— Material supplied —
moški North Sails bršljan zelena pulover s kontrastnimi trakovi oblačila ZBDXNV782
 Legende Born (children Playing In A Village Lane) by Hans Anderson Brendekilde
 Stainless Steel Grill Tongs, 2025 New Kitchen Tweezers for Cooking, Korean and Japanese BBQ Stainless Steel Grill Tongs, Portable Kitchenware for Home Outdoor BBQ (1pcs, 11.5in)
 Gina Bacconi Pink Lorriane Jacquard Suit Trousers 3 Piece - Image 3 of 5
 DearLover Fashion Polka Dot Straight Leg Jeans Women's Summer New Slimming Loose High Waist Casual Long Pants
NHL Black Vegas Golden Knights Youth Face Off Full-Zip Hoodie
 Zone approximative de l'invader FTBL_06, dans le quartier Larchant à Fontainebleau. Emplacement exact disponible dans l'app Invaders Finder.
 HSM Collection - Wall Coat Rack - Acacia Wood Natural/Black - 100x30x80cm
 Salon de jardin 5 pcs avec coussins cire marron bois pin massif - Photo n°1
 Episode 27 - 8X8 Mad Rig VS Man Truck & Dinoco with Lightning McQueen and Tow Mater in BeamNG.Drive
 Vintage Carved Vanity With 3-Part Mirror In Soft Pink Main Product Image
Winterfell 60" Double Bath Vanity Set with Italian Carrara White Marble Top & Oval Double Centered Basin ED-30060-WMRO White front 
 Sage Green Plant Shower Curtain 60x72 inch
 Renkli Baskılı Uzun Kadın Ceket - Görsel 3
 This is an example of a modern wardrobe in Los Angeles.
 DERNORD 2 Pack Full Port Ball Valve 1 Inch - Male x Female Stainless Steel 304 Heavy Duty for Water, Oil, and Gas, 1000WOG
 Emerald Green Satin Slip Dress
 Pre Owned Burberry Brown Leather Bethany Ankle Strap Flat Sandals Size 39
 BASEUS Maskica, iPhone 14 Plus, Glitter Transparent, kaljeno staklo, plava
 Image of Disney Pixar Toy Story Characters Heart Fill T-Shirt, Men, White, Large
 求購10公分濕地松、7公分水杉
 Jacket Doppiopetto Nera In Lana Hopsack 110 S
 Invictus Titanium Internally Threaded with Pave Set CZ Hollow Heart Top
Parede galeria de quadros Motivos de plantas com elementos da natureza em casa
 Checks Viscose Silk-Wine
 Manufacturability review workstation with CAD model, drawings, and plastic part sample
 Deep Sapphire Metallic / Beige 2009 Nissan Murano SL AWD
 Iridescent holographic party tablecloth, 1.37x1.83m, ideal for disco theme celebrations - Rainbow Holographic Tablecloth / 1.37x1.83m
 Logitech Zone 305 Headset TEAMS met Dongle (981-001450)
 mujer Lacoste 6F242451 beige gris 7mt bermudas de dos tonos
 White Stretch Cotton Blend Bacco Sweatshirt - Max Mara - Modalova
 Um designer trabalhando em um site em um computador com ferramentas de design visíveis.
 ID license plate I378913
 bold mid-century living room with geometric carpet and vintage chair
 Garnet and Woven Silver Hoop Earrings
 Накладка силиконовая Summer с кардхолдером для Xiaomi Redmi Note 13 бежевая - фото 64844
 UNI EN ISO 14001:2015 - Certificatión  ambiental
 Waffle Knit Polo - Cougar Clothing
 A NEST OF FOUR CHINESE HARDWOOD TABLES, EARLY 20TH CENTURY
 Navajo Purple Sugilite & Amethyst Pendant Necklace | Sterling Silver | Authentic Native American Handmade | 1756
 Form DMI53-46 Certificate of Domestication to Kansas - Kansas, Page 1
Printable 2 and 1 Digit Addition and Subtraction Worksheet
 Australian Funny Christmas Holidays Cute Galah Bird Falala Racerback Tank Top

— Exercise instructions —
Filter the material for the word "Summer" and copy each matching line.

— Your response —
 DearLover Fashion Polka Dot Straight Leg Jeans Women's Summer New Slimming Loose High Waist Casual Long Pants
 Накладка силиконовая Summer с кардхолдером для Xiaomi Redmi Note 13 бежевая - фото 64844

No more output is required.